En este Pentecostés, comencemos a hablar una vez más el lenguaje de Dios, derramado en nuestros corazones por el Espíritu Santo.
Existe un riesgo. Cuando Jesús hablaba el lenguaje de Dios, algunos escuchaban y le seguían; otros se marchaban entristecidos. Lo mismo ocurrió en Pentecostés. Los discípulos hablaron, y todos escucharon el mensaje en su propio idioma. Algunos abrieron sus corazones y reconocieron la voz de Dios; otros cerraron sus corazones y no oyeron más que disparates de borrachos.
El lenguaje de Dios puede ser impetuoso, como un viento huracanado y lenguas de fuego. Pero, por lo general, el lenguaje de Dios es menos dramático. A veces es tan suave como una paloma que desciende del cielo. A veces es tan silencioso como un recién nacido que descansa en los brazos de su madre. A veces es tan sencillo como Jesús entrando en silencio en una habitación y diciendo: «La paz sea con ustedes».

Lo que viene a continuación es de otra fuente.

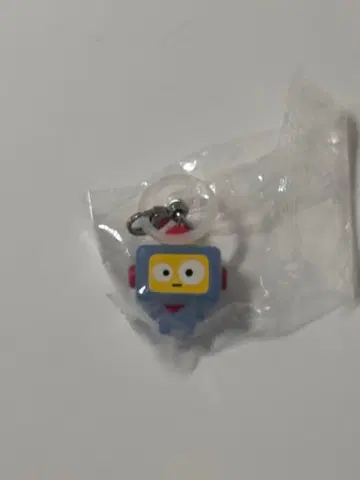 로봇 키링 컬러풀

Cuando hablamos el lenguaje de Dios, algo en el corazón humano se estremece al reconocerlo. Recuerda quiénes somos y de quién somos.
Pero existe una batalla. Para hablar el lenguaje de Dios, debemos reconocer que este se encuentra en guerra con el lenguaje del mundo. He aquí las líneas de batalla:
El lenguaje de Dios une; el lenguaje del mundo divide. El lenguaje de Dios tiende puentes; el lenguaje del mundo levanta muros. El lenguaje de Dios dice la verdad; el lenguaje del mundo vende ilusiones. El lenguaje de Dios reverencia toda vida humana; el lenguaje del mundo disfraza la violencia con palabras como «elección» y «libertad».

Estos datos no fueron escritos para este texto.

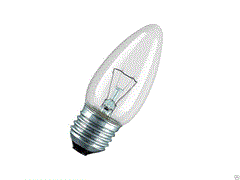 Лампа накал ДС 60W E27 В35/SL прозрачная 630Лм ASD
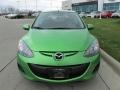 2012 Spirted Green Metallic Mazda MAZDA2 Sport  photo #8
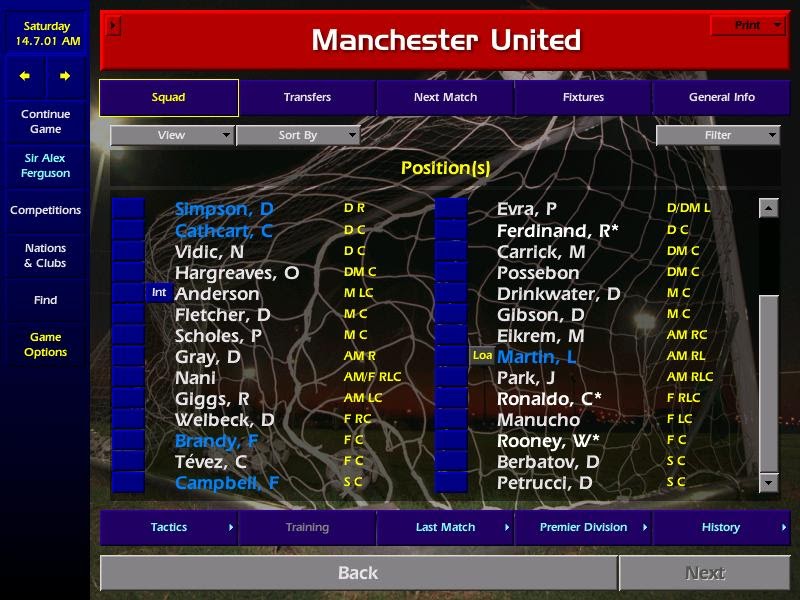 Championship manager 2008 update 12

El lenguaje de Dios es como el aliento de Jesús que llena de paz los corazones de los discípulos atemorizados. El lenguaje del mundo es como un martillo: ruidoso, agresivo, ansioso por silenciar todo lo que es santo.
El mundo intenta someter el lenguaje de Dios a golpes. O seducirlo con el glamour del mal. O intimidarlo con burlas e insultos. Por eso, hablar el lenguaje de Dios requiere valentía: una valentía del Espíritu Santo, una valentía de Pentecostés, una valentía de cenáculo, una valentía con forma de cruz.

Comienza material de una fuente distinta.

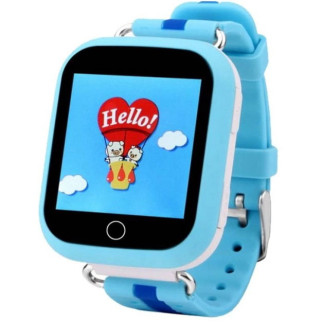 Дитячий розумний годинник з GPS Smart baby watch Q750 Blue, смарт годинник-телефон з сенсорним екраном та іграми - Інтернет-магазин спільних покупок ToGether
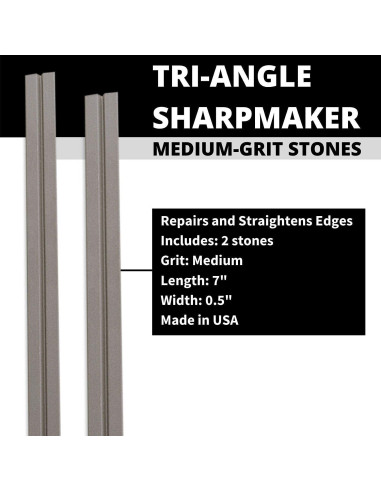 Afilador Spyderco Tri-Angle Premium con DVD y piedras cerámicas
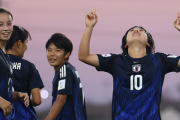 リトルなでしこ、2連勝でU-17W杯16強決定！須長穂乃果の豪快ボレーで先制…“10番”福島望愛も2試合連続弾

Entonces, ¿qué hacemos? En un mundo que ha olvidado el lenguaje de Dios, ¿qué podemos hacer?
Uno. Comienza a hablar el lenguaje de Dios en todo momento. Evita el lenguaje del mundo. Evita el lenguaje de la división, del cinismo, de la acusación y del miedo. Niégate a permitir que esas palabras moldeen tu corazón. En su lugar, habla el lenguaje de Dios: el lenguaje que el Espíritu pone en tu lengua. Deja que todas tus palabras den el fruto del Espíritu Santo: amor, alegría, paz, bondad, generosidad…
Dos. Reconoce la diferencia entre el lenguaje de Dios y el lenguaje del mundo. Es el lenguaje que habla de sanación donde ha habido dolor; de paciencia donde ha habido frustración; de paz donde ha habido conflicto. Y a un mundo que se ha vuelto insensible y cínico, el lenguaje de Dios le habla de asombro y misterio.
Tres. Y ten fe. El lenguaje del mundo podrá ser ruidoso, pero no es perdurable. El Espíritu Santo es nuestro Abogado, nuestro aliento, nuestro fuego. Jesús prometió que estaría con nosotros siempre. La última palabra la tiene Dios. Cuando llegue el Reino, todos hablarán este lenguaje.
Pentecostés no es solo una fiesta; es una misión. Un llamado. Un recordatorio de quiénes somos verdaderamente. No olvidemos jamás nuestra lengua materna. Hablemos el lenguaje de Dios en todas las circunstancias. Cuando hablemos este lenguaje con el poder del Espíritu Santo, renovaremos la faz de la tierra. A lo largo de la semana, pregúntate: ¿Están mis palabras y mis acciones hablando el lenguaje de Dios o el lenguaje del mundo?